I did this, and am running the game in Parallels as I write this post. So I did a little FPS test and warped around the Solar System as well as walk around with my character in the Space Station as I recorded the FPS results

The results look something like this:

0.0 46.84
0.2 52.52
0.4 59.56
0.6 53.43
0.9 51.06
1.1 58.70
1.3 58.69
1.5 49.73


The average came out to be 53.53 after I ran some 500 seconds via Excel AVERAGE command. That's pretty damn good to be running it in a VM at MAXIMUM graphics and a resolution of 2556 x 1440 and four monitors.

If you run it in BootCamp, it will be native so your FPS should be just like running it on non-Apple hardware.

Disclaimer 1: i have a late 2012 iMac with 16gb ram, SSD, 1tb vid ram, etc.

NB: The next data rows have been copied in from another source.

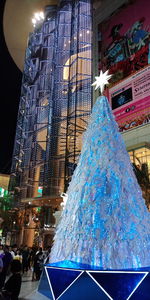 Low angle view of illuminated christmas lights in city at night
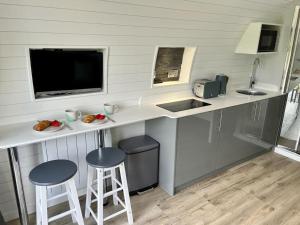a kitchen with a counter with two stools and a sink at Y Dderwen in Oswestry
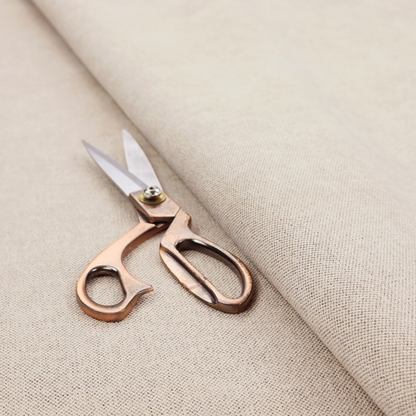 A finely textured weave in a soft cream or light ivory shade. The material features a subtle heathered look with tiny flecks of beige and neutral undertones throughout.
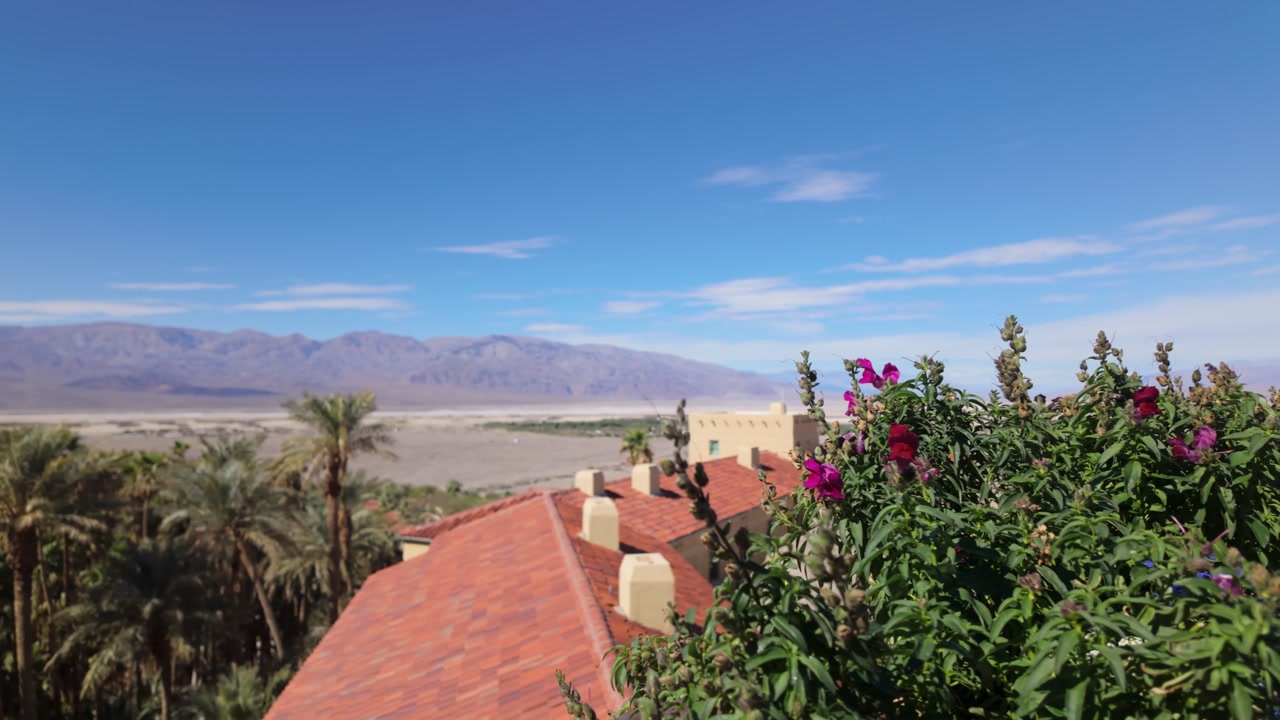 Gimbal wide panning shot of Furnace Creek from the rooftop of The Inn at Death Valley in Southern California. 4K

Disclaimer 2: I'm not trying to boast about my system or anything, I'm trying to give you a snapshot of the hardware I'm running it on, which isn't anything spectacular in comparison to some other systems out there.
Solhild
Doomheim
#2 - 2014-02-19 10:05:32 UTC
I also use Parallels. I use a late 2013 retina mbp and have tried mac client, wine and Parallels with Win 8. The most stable and most playable is actually Parallels. I don't use boot camp but will give it a go soon.
Dersen Lowery
The Scope
#3 - 2014-02-19 17:15:45 UTC
It's (obviously) a good way to get good performance. There are two main issues with it:

1) it becomes completely uneconomical if, like me, you don't have a Windows license and you don't have any other reason to get one, and;

2) you now register as a Windows user, which contributes to CCP's perception of Mac users as a tiny minority, which means that CCP allocates a lower priority to the Mac client.

Proud founder and member of the Belligerent Desirables.

I voted in CSM X!

Beren Askold
Republic Military School
Minmatar Republic
#4 - 2014-03-22 01:15:55 UTC
Today i was trying the win client in parallels 9 on my new 21.5" iMac (2.9GHz i5, Nvidia GT750M).
It was running way faster than the "native" OSX client, but i got two little graphics problems:

1. In the targeting range sphere of the tactical overview i see an additional circle (or rounded cube) inscribed in the original sphere, which looks a bit annoying. The same effect can be seen on the red spheres which mark the signatures when scanning.
Does anyone else see those? Any chance to get rid of this "double edges"?

2. I really hoped to get antialiasing to work. The client offers me settings disabled,low and medium, but whatever i choose there is no difference in graphics quality or framerate. This is a shame, as there is obviously more than enough performance available - in empty space i get up to 200 fps (depending on shader quality setting).
Especially when using high quality shaders, there are so many hard contrast edges on the ships and stations, that on the relatively low resolution (for its size) iMac display, it's just a flickering mess.

Did anyone get antialiasing to work with parallels? Or can there be any settings tweaked besides the obvious ones in the eve client?